NGC Catalog

CLASSIC

Welcome Guest

For copy image paths and more information, please view on a desktop device.

Description

Lightweight framework for training models at scale, without the boilerplate. Train on any number of GPUs or nodes without changing your code, and turn on advanced training optimizations with a switch of a flag.

Publisher

GridAI

Latest Tag

v1.4.0

Modified

April 4, 2023

Compressed Size

6.38 GB

Multinode Support

Multi-Arch Support

What is PyTorch Lightning?

PyTorch Lightning is a powerful yet lightweight PyTorch wrapper, designed to make high performance AI research simple, allowing you to focus on science, not engineering.

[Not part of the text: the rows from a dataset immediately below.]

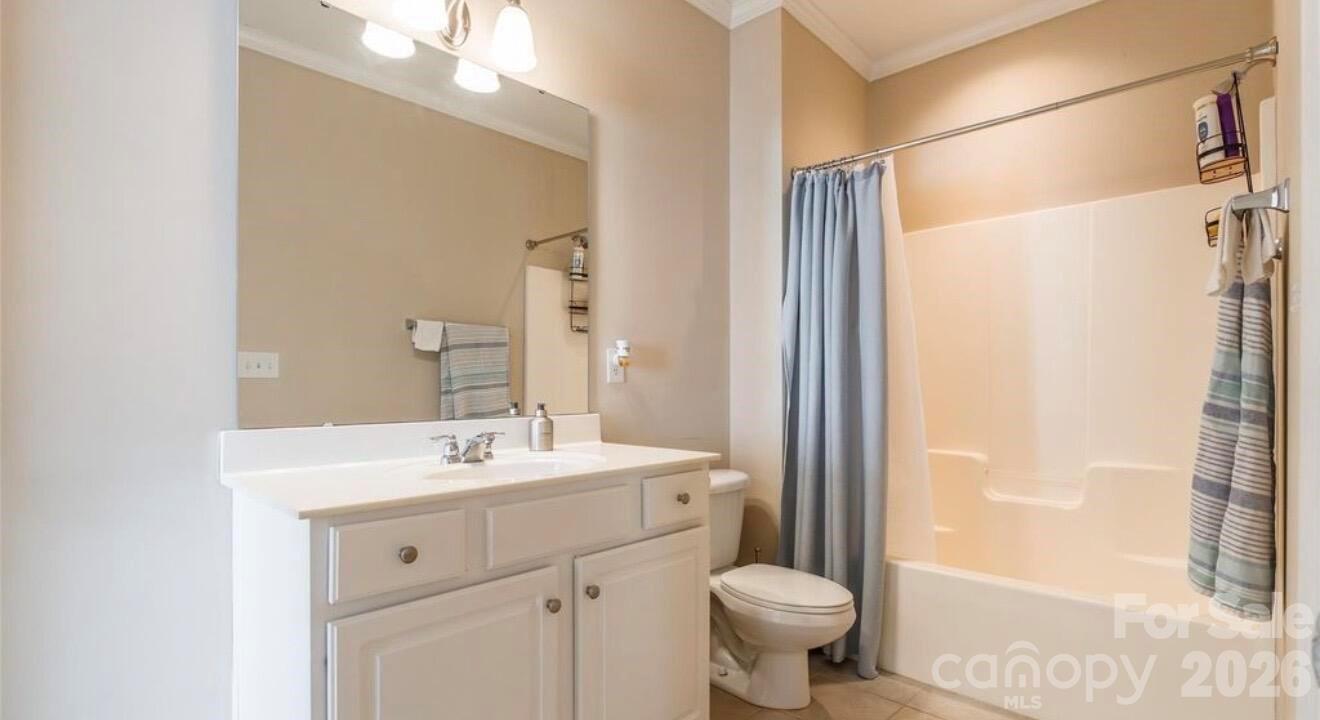 555 Pine Links Drive — Tega Cay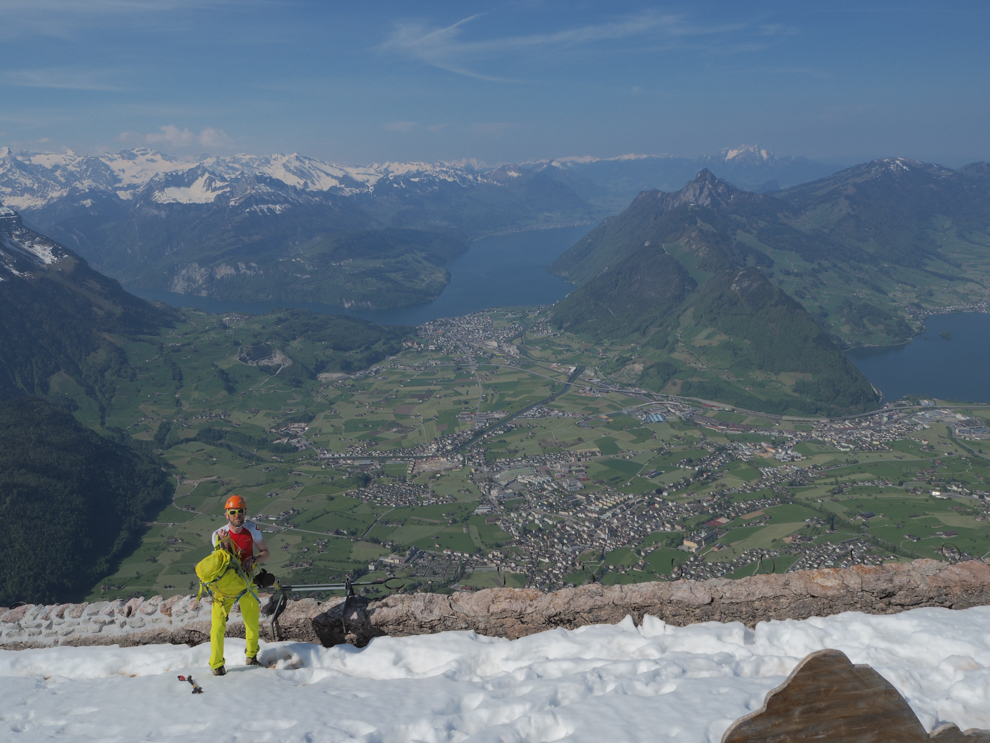 Kaum bin ich über die Mauer geklettert wartete schon ein Paparazzi. Besten Dank an Thomas Horat für das Foto. ( www.mythenfilm.ch )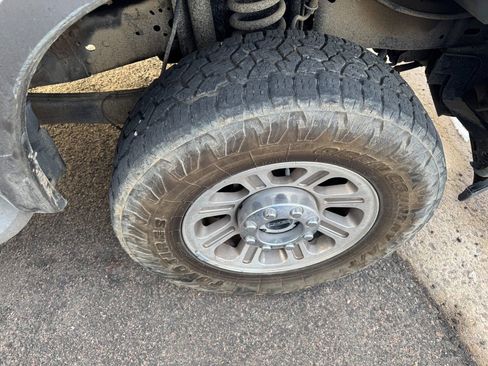 Used 2005 Ford F350 Lariat image 14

PyTorch Lightning is just organized PyTorch, but allows you to train your models on CPU, GPUs or multiple nodes without changing your code. Lightning makes state-of-the-art training features trivial to use with a switch of a flag, such as 16-bit precision, model sharding, pruning and many more.

Lightning ensures that when your network becomes complex your code doesn’t.

Refactoring your models to lightning is simple, allows you to get rid of a ton of boilerplate, reduce cognitive load, and gives you the ultimate flexibility to iterate on research ideas faster with all the latest deep learning best practices.

Lightning Design Philosophy

Lightning structures PyTorch code with these principles:

Lightning forces the following structure to your code which makes it reusable and shareable:

Research code (the LightningModule).
Engineering code (you delete, and is handled by the Trainer).
Non-essential research code (logging, etc... this goes in Callbacks).
Data (use PyTorch Dataloaders or organize them into a LightningDataModule).

Once you do this, you can train on multiple-GPUs, CPUs and even in 16-bit precision without changing your code!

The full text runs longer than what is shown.